A. triphylla EO showed an interesting antifungal activity. Its composition is characterized by a 24% of sabinene, 36.7% of limonene and 12% of citronellal. The antifungal activity is probably due to sabinene, which appeared effective against A. fumigatus [32], as well as to citronellal [33]. Moreover, the present data are in full agreement with Correa-Royero et al. [34], who reported effectiveness against A. fumigatus at 99.2 µg/mL. A. triphylla was successfully assayed against Candida spp. both as EO [35,36] and as ethanolic extract [37], while it was not effective against Trichoderma viride [36].

In the present study, this EO was active at 0.5% concentration and such dilution appears to be safe for handling, following Tisserand and Young [27], who also recommend a maximum concentration of 0.9% for dermal application, to avoid phototoxic effects.
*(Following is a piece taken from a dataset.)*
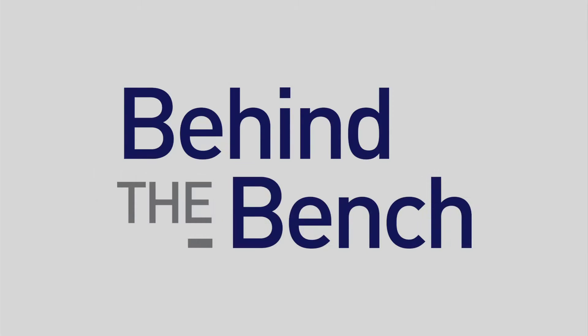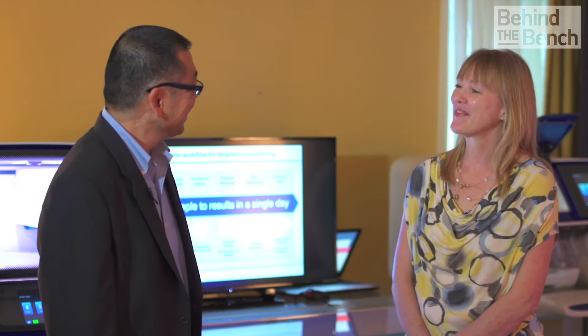Here at AGBT, we asked the question: what's the easiest way to get whole human gene expression from a limited amount of sample? Hi Kelly. Hi. I understand you've got a great poster on the Ion AmpliSeq Transcriptome Human Gene Expression. What can you tell me about it?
Lemongrass EO, with its high amount of both citral isomers, appeared to be another promising antifungal phytocomplex. This EO in fact is composed by a mixture of cis and trans-isomers of 3,7-dimethyl-2,6-octadiene-1-al (geranial and neral) with a percentage ranging between 38.4% and 35.2%, respectively.

Our result has been corroborated by Inouye et al. [38], who reported irreversible alterations in an in vitro model on apical growth of A. fumigatus elicited by C. citratus EO. Lemon, lavender and tea tree EOs induced a moderate and reversible inhibition, while cinnamon allowed a partial hyphal regrowth. Lemongrass exerted an antifungal activity against phytopathogenic fungi also at concentration up to 500 ppm [39].

L. cubeba EO showed neral and geranial content very similar to C. citratus, even if their MIC values were quite divergent (1.770 and 0.895, respectively), suggesting a different biological activity of phytocomplex.

5. Conclusions

This investigation shows promising results in order to use EOs for disinfection purposes in poultry farms and/or in hatcheries environment. The mixture with C. zeylanimcum and S. aromaticum could be a useful alternative treatment against E. coli. Moreover, C. citratus used alone could be employed to fight both E. coli and A. fumigatus, while A. triphylla EO would be used to enhance the control of spores’ burden, aiming to reduce the risk of infection for both animals and workers.